DATASET |
::::

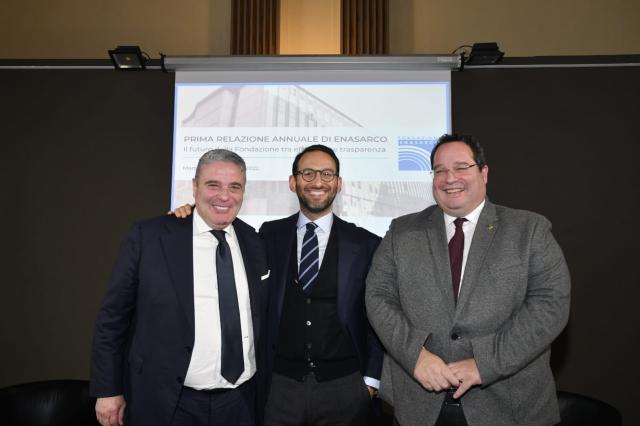 Fondazione Enasarco, al via la Prima Relazione Annuale: per 2022-2023 stanziati 22,5 mln per ciascun anno in prestazioni assistenziali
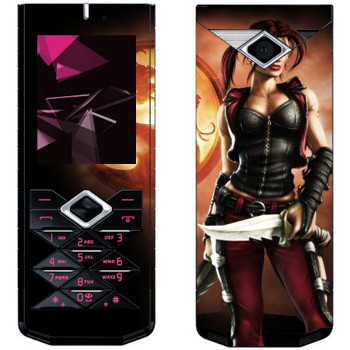   « - Mortal Kombat»   Nokia 7900 Prism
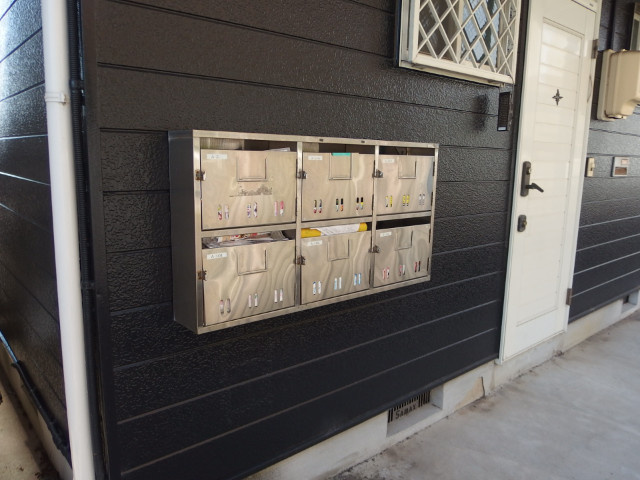 シャトレ城南Aのその他共用部分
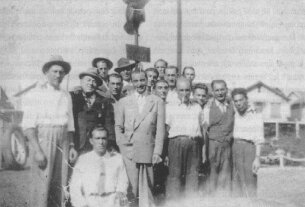 1940 - Django et ses amis null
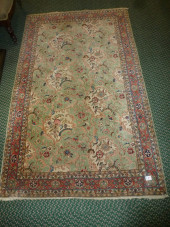 HAMADAN HAND KNOTTED WOOL PERS
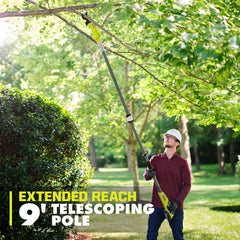 18V ONE+ POLE LOPPER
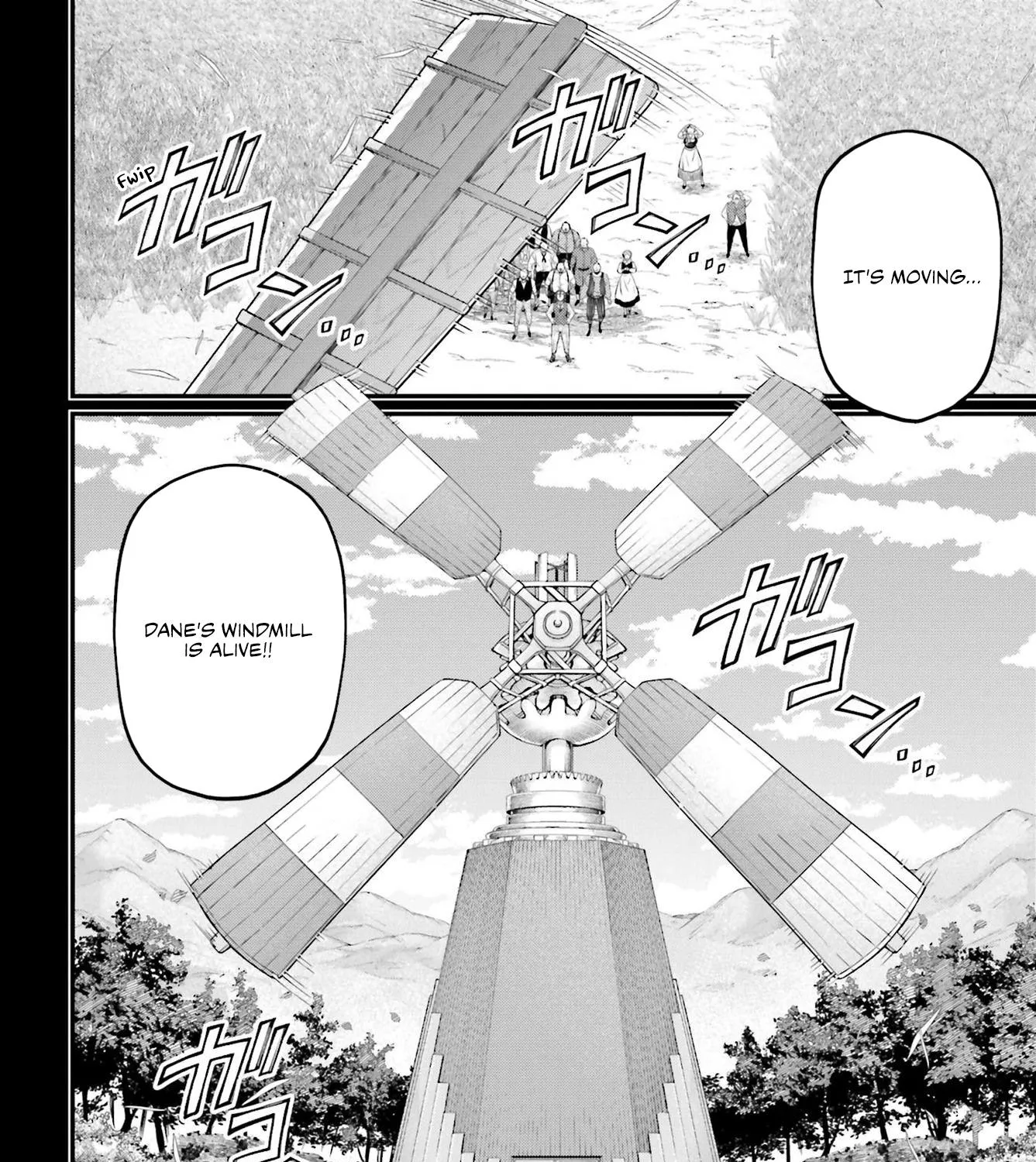 Shuumatsu no Valkyrie Chapter 74 page 73 - 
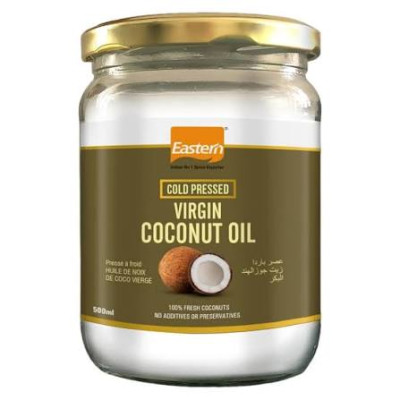 Eastern Cold Pressed Virgin Coconut Oil 500Ml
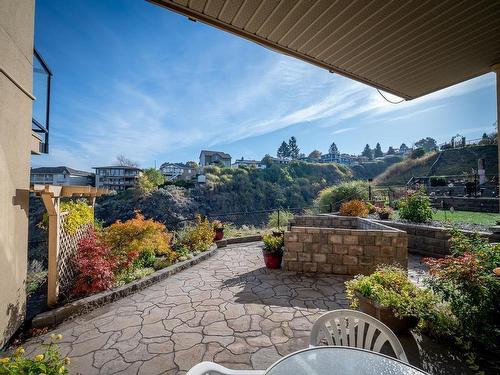 824-15 Hudsons Bay Trail, Kamloops, BC - Outdoor With Deck Patio Veranda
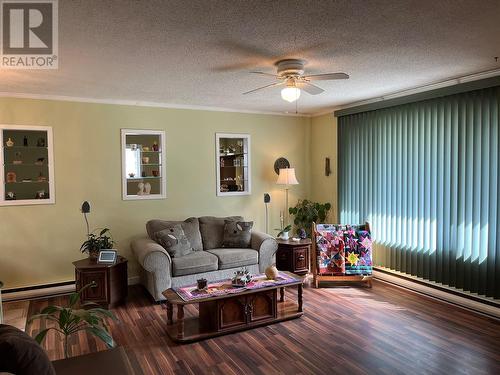 434 Oak Avenue, Sicamous, BC - Indoor Photo Showing Living Room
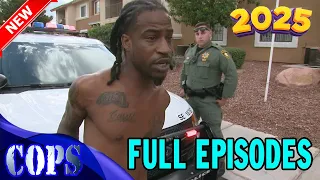 [NEW] COPS Season 33 Episode 04 | Cops New Full Episodes 2025 | COPS TV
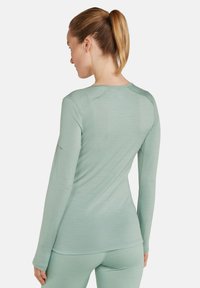 icebreaker SCOOP - Undertröja - moss
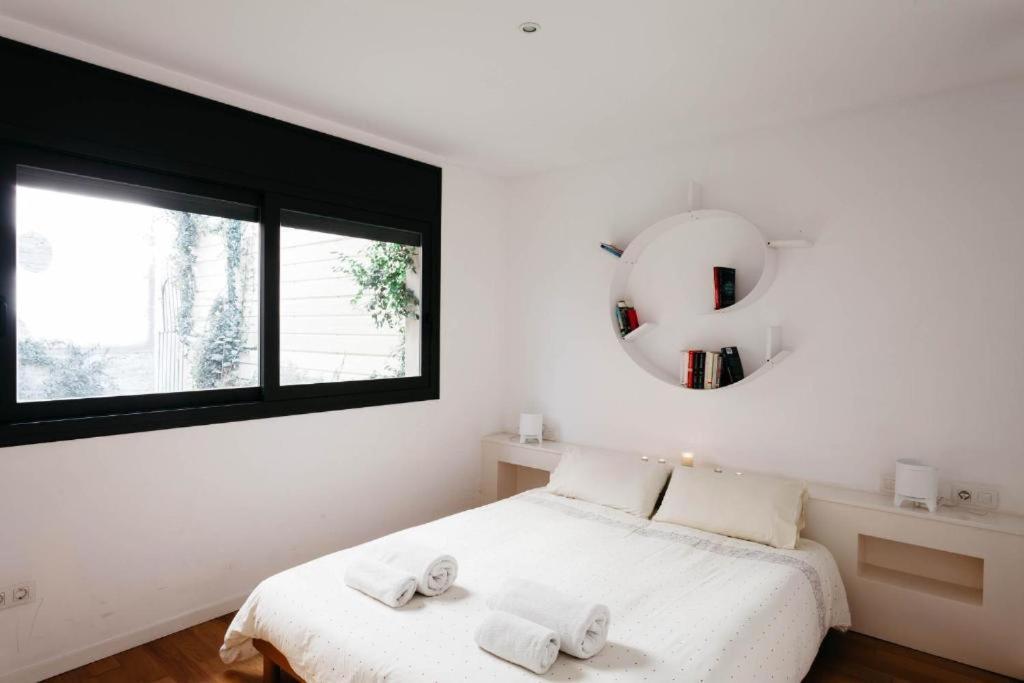 Rentbcn Gracia Deluxe Apartment Barcelona Exterior photo
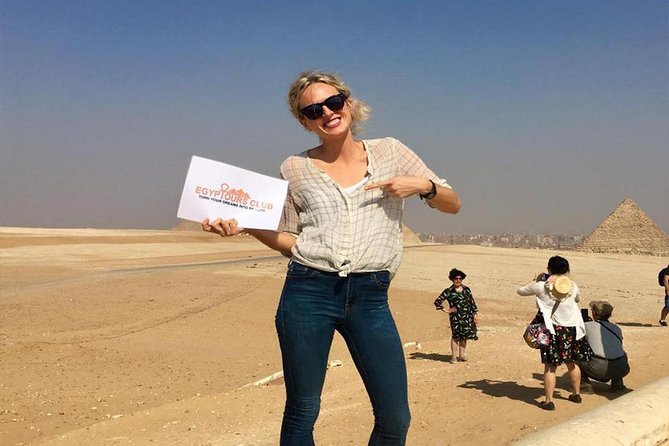 Private Tour for 2 Days in Cairo - Tour Overview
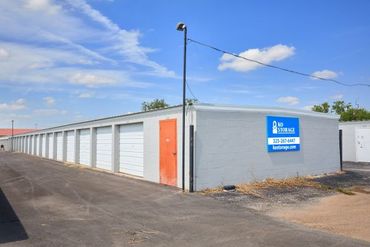 KO Storage of San Angelo - 3901 Ben Ficklin Road San Angelo, TX 76903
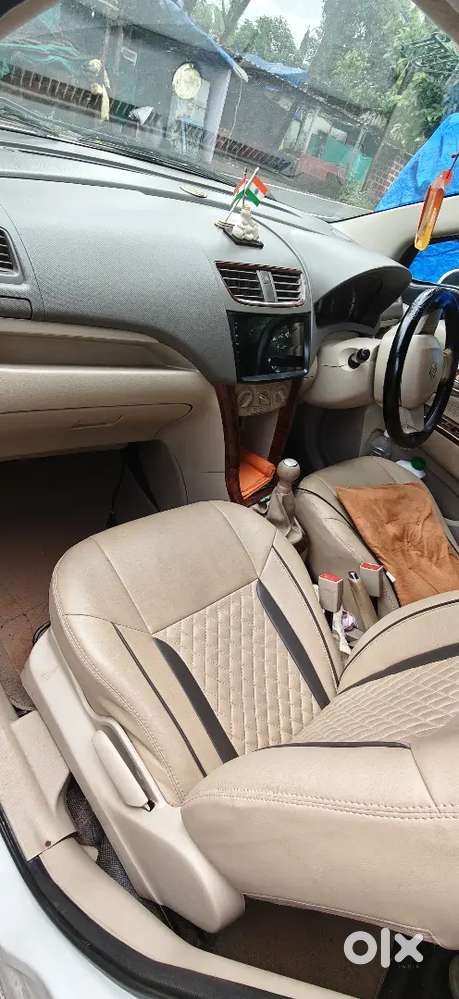 2nd Owner Maruti Ertiga 2012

::::

EXERCISE OBJECTIVE |
Please give an exact copy of the lines from the line containing "434 Oak Avenue, Sicamous, BC" through the end of the records above, pictures excluded.

REPLY |
 434 Oak Avenue, Sicamous, BC - Indoor Photo Showing Living Room
 [NEW] COPS Season 33 Episode 04 | Cops New Full Episodes 2025 | COPS TV
 icebreaker SCOOP - Undertröja - moss
 Rentbcn Gracia Deluxe Apartment Barcelona Exterior photo
 Private Tour for 2 Days in Cairo - Tour Overview
 KO Storage of San Angelo - 3901 Ben Ficklin Road San Angelo, TX 76903
 2nd Owner Maruti Ertiga 2012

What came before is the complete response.